Top of The data

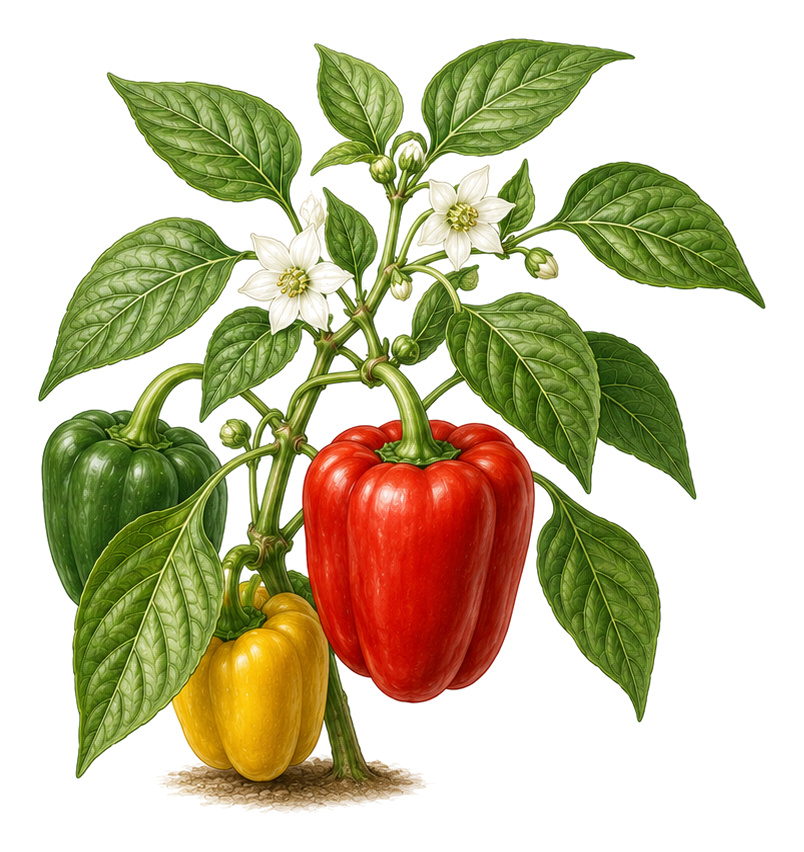 Pepper (Capsicum): 2 for plant portrait - Vegetables, Nightshades, Harvest July - October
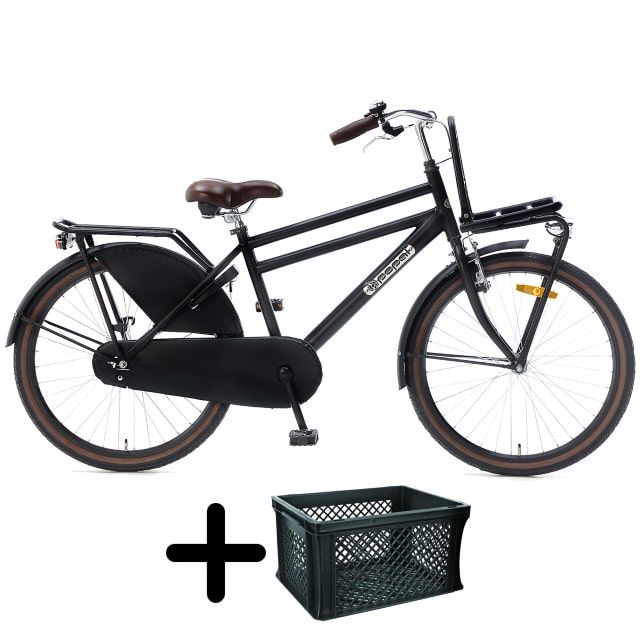 Popal Daily Dutch Basic Jongens 24 inch Mat Zwart met krat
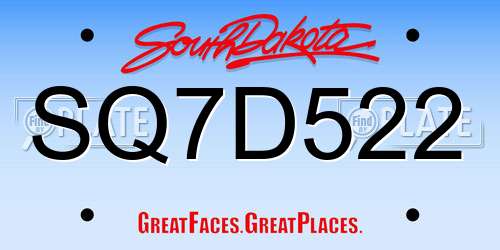 SQ7D522 South Dakota License Plate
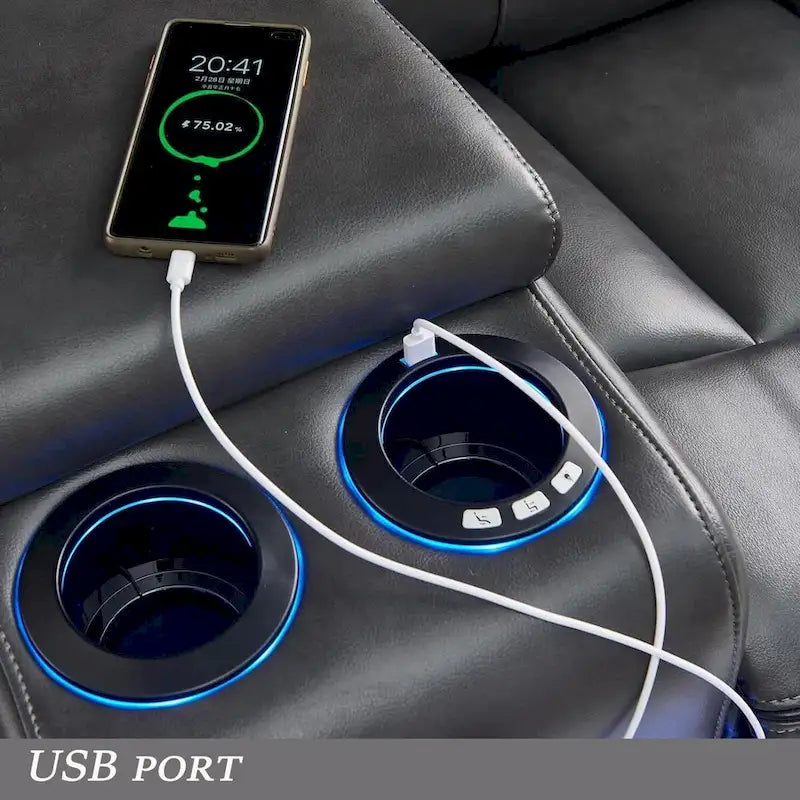 Canapé d'angle inclinable électrique avec lumière LED, fauteuil inclinable en similicuir, en forme de L, porte-gobelet, port USB pour salon, noir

Bottom of The data

Action item
Without including any picture, write out the material above exactly.

Finished exercise
 Pepper (Capsicum): 2 for plant portrait - Vegetables, Nightshades, Harvest July - October
 Popal Daily Dutch Basic Jongens 24 inch Mat Zwart met krat
 SQ7D522 South Dakota License Plate
 Canapé d'angle inclinable électrique avec lumière LED, fauteuil inclinable en similicuir, en forme de L, porte-gobelet, port USB pour salon, noir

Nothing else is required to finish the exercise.